» WHAT THE EXERCISE ASKS:
Copy exactly the lines of the data below that run from the line holding "Postal vintage Esquire" through the line holding "Ribbed Polo T Shirt - Black", both ends included.

» RECORDS FOR THIS EXERCISE:

————

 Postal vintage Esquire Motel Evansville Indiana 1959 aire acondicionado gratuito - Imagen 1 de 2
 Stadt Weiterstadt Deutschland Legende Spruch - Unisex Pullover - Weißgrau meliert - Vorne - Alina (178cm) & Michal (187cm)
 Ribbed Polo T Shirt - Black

————

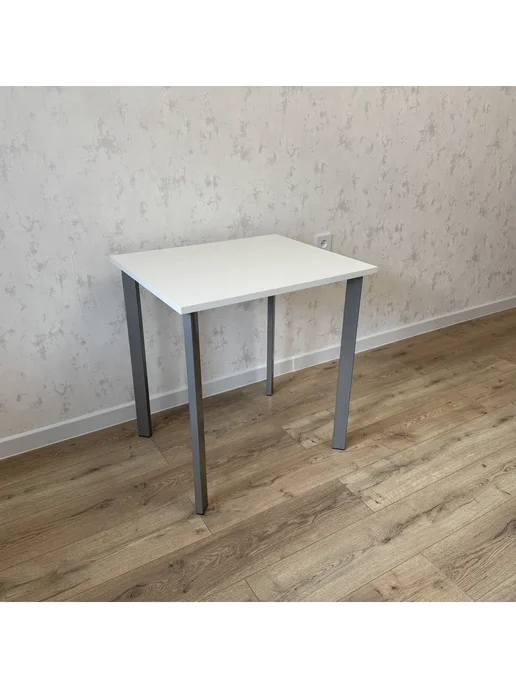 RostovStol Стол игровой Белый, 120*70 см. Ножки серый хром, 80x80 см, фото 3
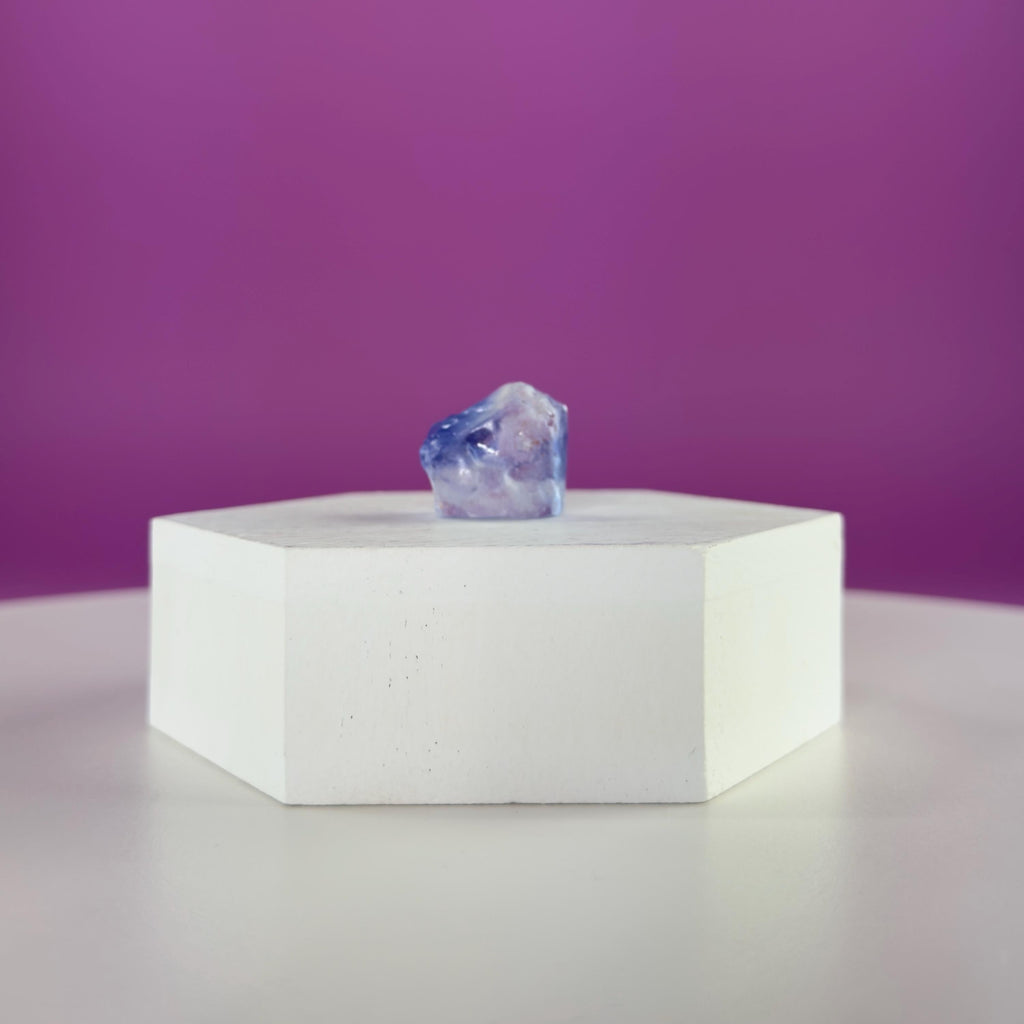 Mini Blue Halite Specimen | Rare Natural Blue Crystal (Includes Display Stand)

————

» RESULT OF THE TASK:
 Postal vintage Esquire Motel Evansville Indiana 1959 aire acondicionado gratuito - Imagen 1 de 2
 Stadt Weiterstadt Deutschland Legende Spruch - Unisex Pullover - Weißgrau meliert - Vorne - Alina (178cm) & Michal (187cm)
 Ribbed Polo T Shirt - Black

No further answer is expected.